The world is changing. Your family must know this. That does not mean they are happy about it. They may feel a deep sense of loss of heritage and destiny. Who knows how they feel? Imagine what a comfort it must be to people of traditional cultures to look backward and forward in time and see in either direction an unbroken procession of people who look just this way and live just this way, and who far into the future will continue to look just this way and live just this way. How beautiful and reassuring that must be! Who would easily relinquish such a vision?

So please, do not scorn or disregard what your family is going through. It is not inconsequential or shallow.

But this is not just about you, either. You are awash in a great historical struggle. On one side are the myriad forces of globalism and modernity, threatening to wash away thousands of years of cultural continuity with a few clicks of a mouse. And frankly, as a romantic, individualistic, secular Westerner, I do think the future belongs to the pioneers and inventors, the scientists and entrepreneurs who will create a new world but in doing so will lay to waste the fragile ancient world that birthed us.

It seems to me that the world goes the way of the seafarer bringing strange germs to aboriginals, the way of strange new tools and tongues, and that we must and will increasingly mix and blend ourselves into fractal mirrors of each other, and learn to shepherd global flows of capital and genes, and since we must adapt or perish, why not fling ourselves joyfully, head-first into this raging and inevitable future, instead of being dragged into it by our heels?

You can't reasonably expect your family to embrace this. To them it must look like just so much carnage and outrage. Nevertheless, you are part of a great, global awakening.

So think on these things and think about how the world is changing and where you want to be in that world, and think, too, about the magic of love and how it can, indeed, if given the chance, at times, conquer everything.

Whether it's worth taking the risk may finally depend on who you are and what cultural system is most deeply embedded in your psyche. Are you a Westerner at heart? Are you a part of the Western romantic tradition, the tradition of individualism and love conquering all? Do you believe in the power of romantic love to overcome social obstacles? Do you? Are you that person? Or are you more deeply, at heart, your mother's daughter?
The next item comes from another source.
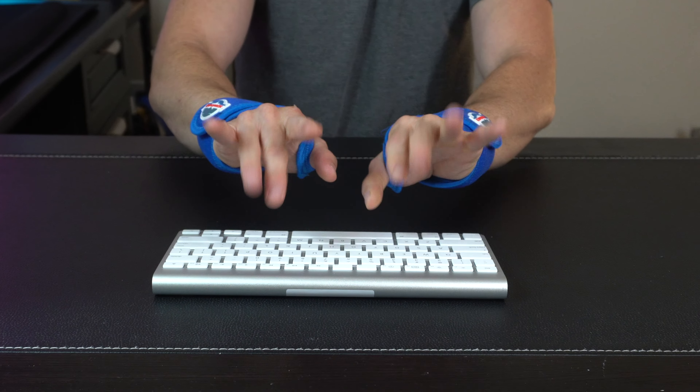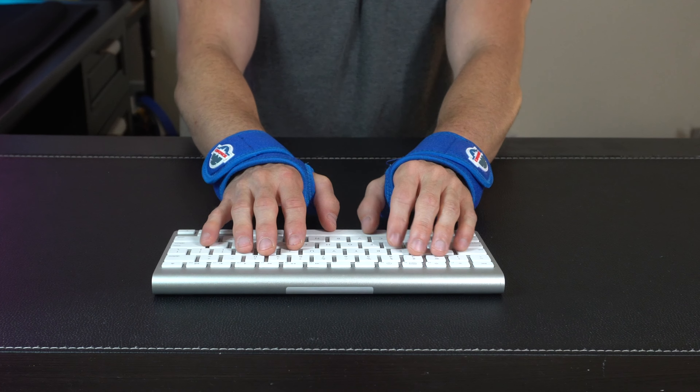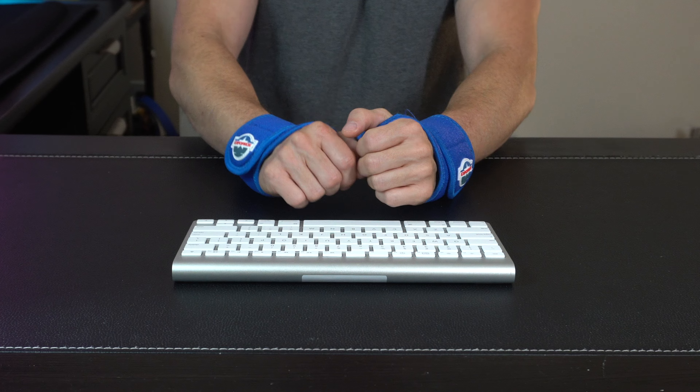They offer a lot of range of motion in the wrist and they slide around easily. Whether you're using a small keyboard, a larger keyboard, or even a mouse — whether this is for work or pleasure — these are going to have you covered. They're an awesome, comfortable solution that still allows you to move around easily while giving your wrist the support it needs.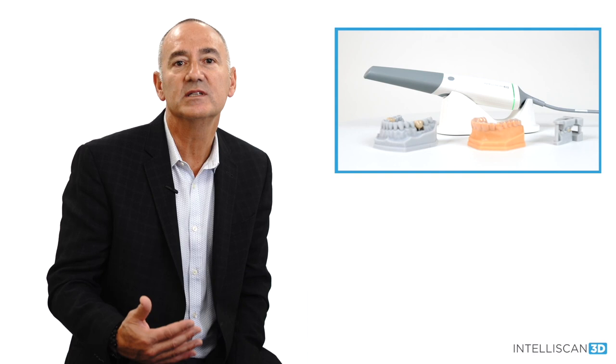I'm going to also introduce to you an evolutionary new scanner, the IntelliScan Model X — a scanner built for all practices and has the ability to adapt to any practice's specific needs.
Whom do you belong to? Do you belong to yourself, to the state, to your family, to God? How can you know? The answers are of course plural. You belong to your family and to yourself, to the state, to your friends and to your God if you think of the imponderable in such terms.

In any case, you don't have to marry this man right away.

So take your time. See how things develop. Bring him around and see how the family responds. Maybe in time they will warm up to him, discover their similarities and overlook the differences.